The literature advocating sole rabbinic officiation at marriages between a Jew and a non-Jew – in contrast to interfaith marriages where clergy of different religions share the honours – makes serious and important claims.
An article last year in the Times of Israel by Steven M. Cohen, the distinguished American-Jewish sociologist, and Rabbi Joy Levitt, who heads the JCC in Manhattan, had the caption, “If you marry a Jew, you’re one of us.” Their message was that a non-Jew who weds a Jewish partner should become a de facto member of the Jewish People.
The authors argue that non-Jews who’ve been married to their Jewish spouses by a rabbi are more likely to bring up their children as Jews. Citing the 2013 Pew survey, they report that in addition to the 79,000 adult Jewish converts in the United States, there were 83,000 non-Jews who regarded themselves as Jews, even though they hadn’t converted. Many of them or their parents may have been married under a chupah.
Even more compelling is the recent JTA article by two Conservative rabbis, Adina Lewittes and Amichai Lau-Lavie, who both lead vibrant congregations in the New York area.
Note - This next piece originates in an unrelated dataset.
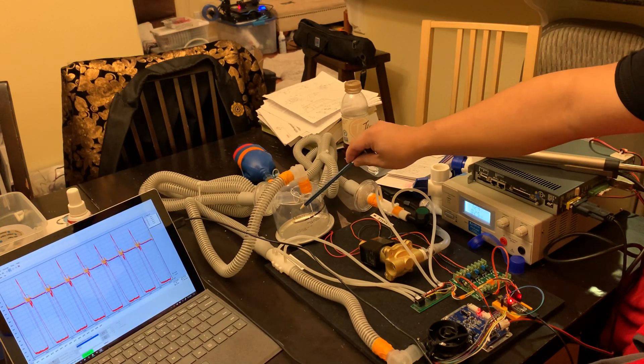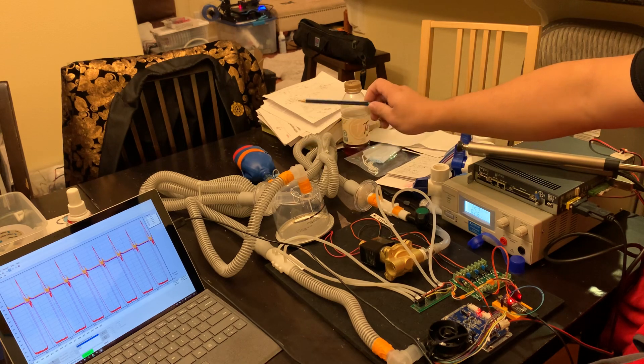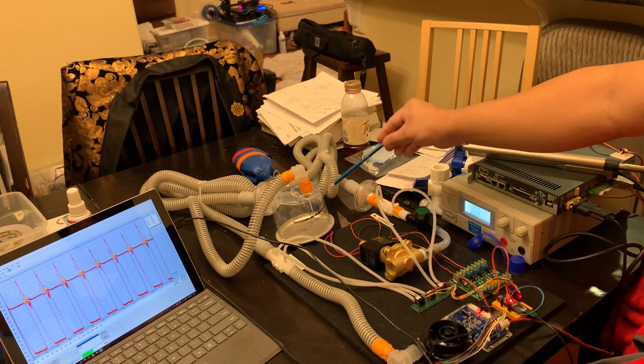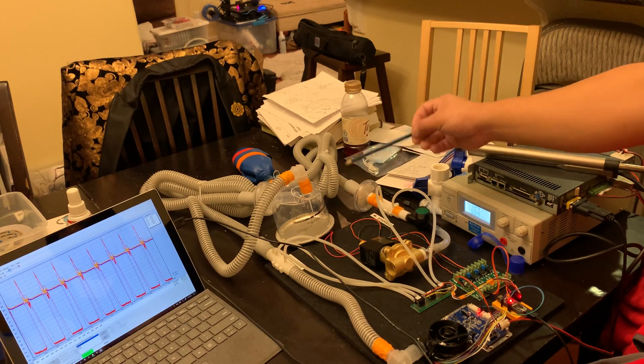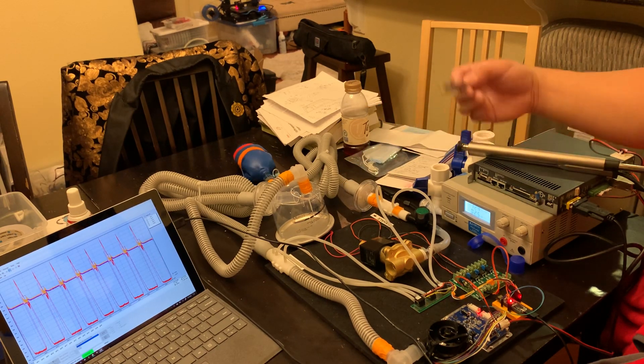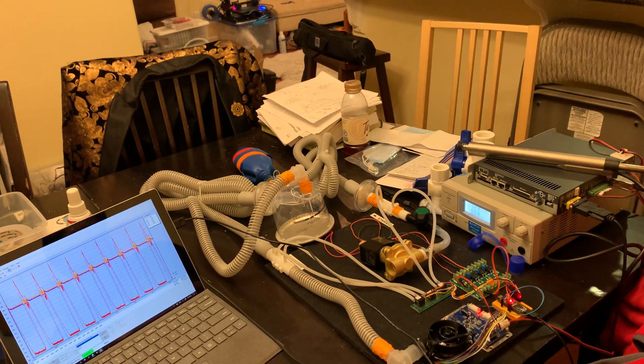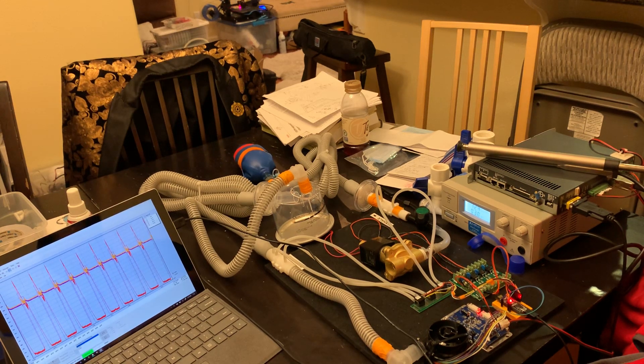We've received our heated humidification chamber, which heats and adds moisture to the air that's being delivered to the patient. This is really important because patients will typically spend weeks on the ventilator, especially if they're intubated. They don't have the sinus and the trachea to moisten and warm the air that they're receiving.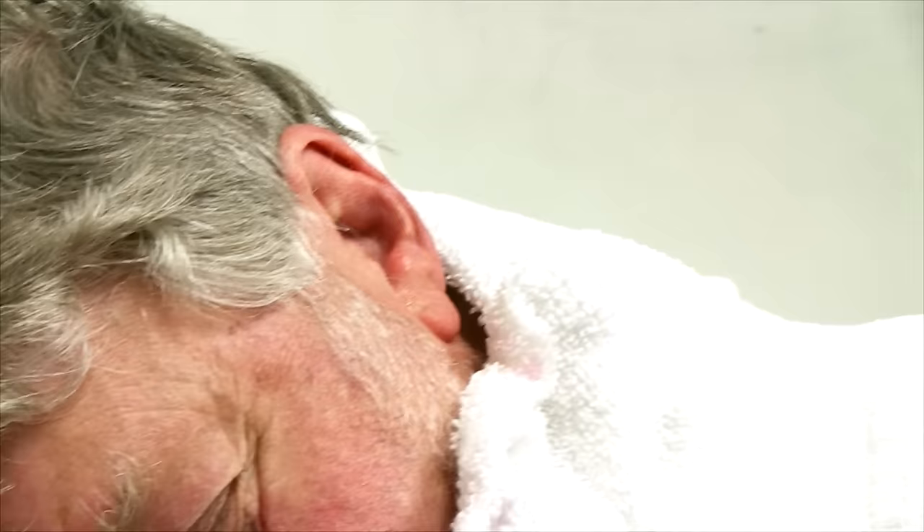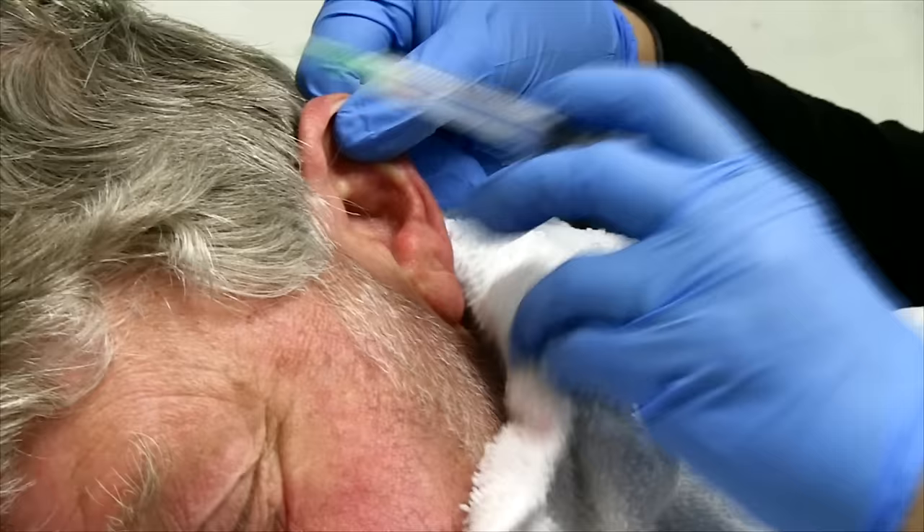And oftentimes patients will tell you — they can tell when it's starting to really come, because they can start to hear.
They assert that “interfaith marriages conducted by a sole Jewish officiant definitely display stronger connection to Jewish life and community.”
Their testimony is worth citing: “Both of us have worked with intermarrying couples whose desire to be married by a rabbi was part of a deeper commitment to Jewish life. Both of us have seen first-hand the difference our presence made as they envisioned lives inspired by Jewish values and practice, often joining our communities. Both of us have seen the fallen faces and felt the pain of those who had to, literally and spiritually, turn away. Our shared sense of urgency and need for collective action, along with that of many colleagues in the Conservative movement, finds powerful resonance in this latest data.”
Because of their stance, they’ve been isolated from the Conservative rabbinate. Rabbi Lau-Lavie is a scion of a distinguished rabbinic family in Israel. His uncle has been Ashkenazi chief rabbi, a post now held by his son, the first cousin of the article’s co-author. Rabbi Lau-Lavie’s brother is Rabbi Benny Lau, arguably the most influential Orthodox rabbi in the Jewish state. It’s reasonable to assume the Lau family doesn’t endorse Rabbi Lau-Lavie’s stance.
Should Reform rabbis in Canada support, and perhaps even emulate, him? Throughout my rabbinate, I’ve argued that formal commitment to lead a Jewish life through conversion, and the study and practice that go with it, must be a prerequisite for being accepted as a Jew. My colleagues and I have seen countless women and men who have formally embraced Judaism, brought up their children as Jews and made considerable contributions to their communities.
But I’m now repeatedly reminded that everything, including Judaism, has become more fluid. Particularly those who call themselves liberals cannot be rigid. Postmodern spirituality breaks taboos, promotes sincerity and renders the old institutional formalities obsolete. If rabbis truly care about preserving Judaism for future generations, they must be open to new, even revolutionary, ways of attracting non-Jews. They should be flexible in responding to the needs and aspirations of those who seek them out.
For all I know, the authors cited above may be right. Perhaps if I were serving a congregation today, I might seek to follow their ways. But even at a distance, I respect and learn from them.